Radyasyon Onkolojisi Bölümü’nden Uzm. Dr. Ahmet Büyükyörük, güneşten gelen ultraviyole (UV) ışınlarına aşırı maruz kalmanın cilt kanserinin başlıca sebeplerinden biri olduğunu vurguladı. Dr. Büyükyörük, bronzlaşmanın cilt kanseri riskini artırdığını ve özellikle 18 yaşından önce meydana gelen şiddetli güneş yanıklarının melanom riskini yükselttiğini belirtti.
Güneş maruziyeti, cilt kanseri gelişiminde kritik bir faktör olarak öne çıkarken, solaryumdan gelen UV ışığının da benzer şekilde zarar verebileceği ifade edildi. Tüm dünyada hızla artan cilt kanserleri, yüzeysel bir lezyondan başlayıp daha derinlere ilerleyerek diğer organlara sıçrayabilen ölümcül bir hastalık olarak tanımlanıyor.
Ciltte meydana gelen değişiklikler, cilt kanserinin en yaygın uyarı işareti olarak gösteriliyor. Üç ana cilt kanseri türü bazal hücreli karsinom, skuamöz hücreli karsinom ve melanom olarak sıralanırken, yeni bir ben veya mevcut bir bendeki değişiklikler dikkatle takip edilmeli.
Bazal hücreli karsinom, yüzde, kulaklarda veya boyunda küçük, pürüzsüz, inci gibi veya mumsu bir şişlik olarak görünebilirken, skuamöz hücreli karsinom sert, kırmızı bir nodül veya kanayıp kabuklu hale gelebilen pullu bir lezyon şeklinde ortaya çıkabiliyor. Melanom ise genellikle pigmentli bir yama veya şişlik olarak görünür ve düzensiz bir görünüme sahiptir.
Melanosit adı verilen anormal cilt pigment hücrelerinden oluşan melanom, cilt kanserinin en ciddi şekli olup tedavi edilmediğinde diğer organlara yayılabilir. Melanom dışı cilt kanserleri olarak bilinen bazal hücreli ve skuamöz hücreli kanserler ise erken tedavi edildiğinde yüksek oranda iyileştirilebilir.

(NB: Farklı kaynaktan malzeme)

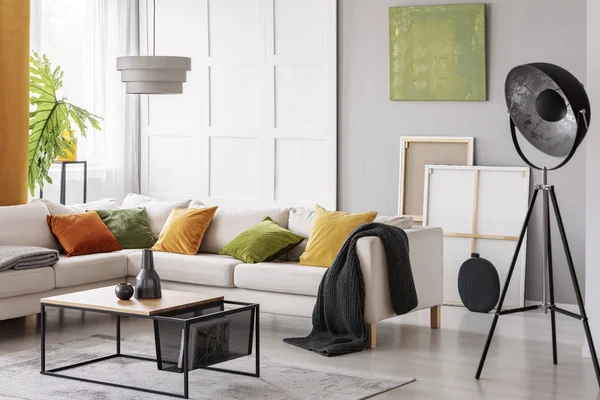 White elegant corner sofa with orange green and yellow pillows in stylish living room interior with modern coffee table and industrial lamp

Açık tenli, renkli gözlü ve sarı ya da kızıl saçlı kişilerin cilt kanseri riski daha yüksek olup, aile öyküsü, kişisel cilt kanseri geçmişi, açık havada çalışma ve güneşli iklimde yaşama gibi faktörler de riski artırmaktadır. Şiddetli güneş yanığı öyküsü ve çok sayıda düzensiz şekilli benler de melanom riskini yükseltmektedir.
Güneş yanığının cilt hasarının bir işareti olduğunu belirten Dr. Büyükyörük, cilt hücrelerindeki DNA'nın UV radyasyonu nedeniyle hasar gördüğünü ve güneş yanığına ne kadar çok maruz kalınırsa, cilt kanseri riskinin de o kadar arttığını belirtti.

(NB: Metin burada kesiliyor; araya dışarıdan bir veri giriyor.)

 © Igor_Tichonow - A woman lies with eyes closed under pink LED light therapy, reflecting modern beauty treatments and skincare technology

Güneşten korunmanın önemine dikkat çeken Dr. Büyükyörük, UV radyasyonunun yoğun olduğu saatlerde (10.00-14.00 arası) doğrudan güneş ışığına maruz kalınmaması gerektiğini ve her mevsim cilt yapısına uygun güneş koruyucular kullanılması gerektiğini vurguladı.